Bar chart for post on Risky Business of CD Rates

The Risky Business of CD Rates

Last November, J opened a CD at Ally Bank. The idea came from a big conversation we had about making his money work harder.

He invested $500 in a 2-year Raise Your Rate CD at 1.5% at Ally. This type of CD allowed him to increase the rate once during the term. (For reference, his online savings account was earning 1.25%.)

What happened

Fast foward to this spring and I saw the rates going up. And up. And up.

It’s hard to know when to take action and when to hold, so for awhile, we held steady.

We also watched regular savings account rates rise and for a bit, the savings account rate was higher than the CD rate. (It’s currently 1.75%.)

In June, we finally bit the bullet and increased the CD rate to 2.35%. The CD matures next November 2019.
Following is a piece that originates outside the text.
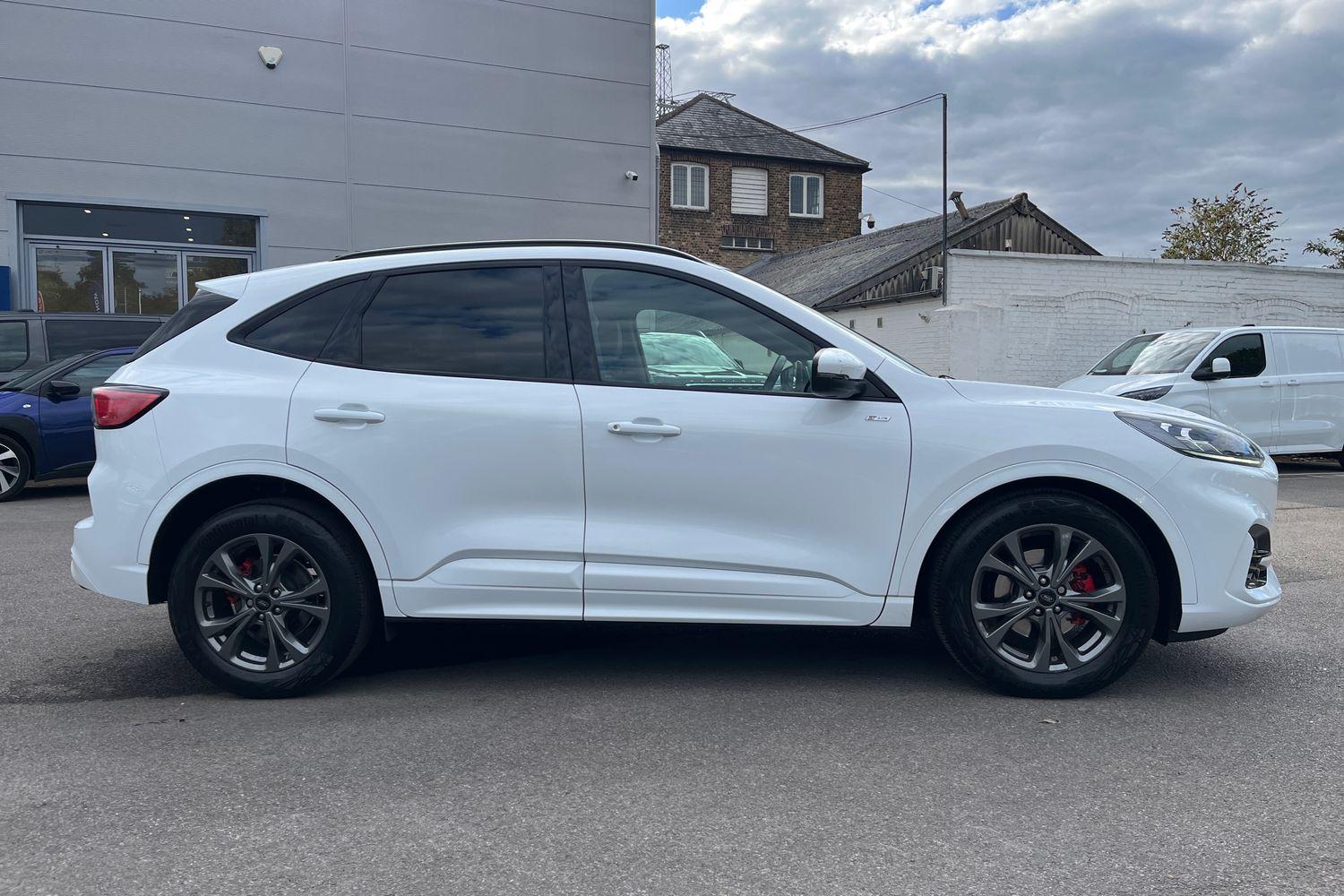 Ford KUGA Photo 37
And now the rate is currently 2.5%.

What we learned

CDs can definitely have a place in a well-balanced portfolio and have some benefits:

  • The money is locked away so we can’t get to it and spend it
  • BUT, we’ll have access to the money in a short time (about a year)
  • We’re earning more with the CD than with a regular savings account
  • And we’re diversified! J doesn’t have all his eggs in one basket which is good (unless you’re Easter egg hunting where you DO want all the eggs in your basket <– J’s contribution to this article when I had to explain the word diversified)

I think it depends on what you’re saving for, when you need the money and your risk tolerance. Because he didn’t need the money right away, but wanted to experiment, investing a small portion of his money in a CD gave us invaluable experience.

So overall, I’d say we’re happy (even though the current rate is higher than the rate we have now).

Just a bit about CD ladders

If you’re going to invest in CDs, the ladder is definitely the way to go. It involves shorter terms, smaller amounts of money and staggering investments so that CDs mature at different times.

The benefits are that your interest rate risk is limited (you have regular opportunities to invest) and your liquidity risk is limited (you have access to your money more consistently).

Read more about CD ladders at the Motley Fool.

What about you? Do you invest in CDs? Why or why not?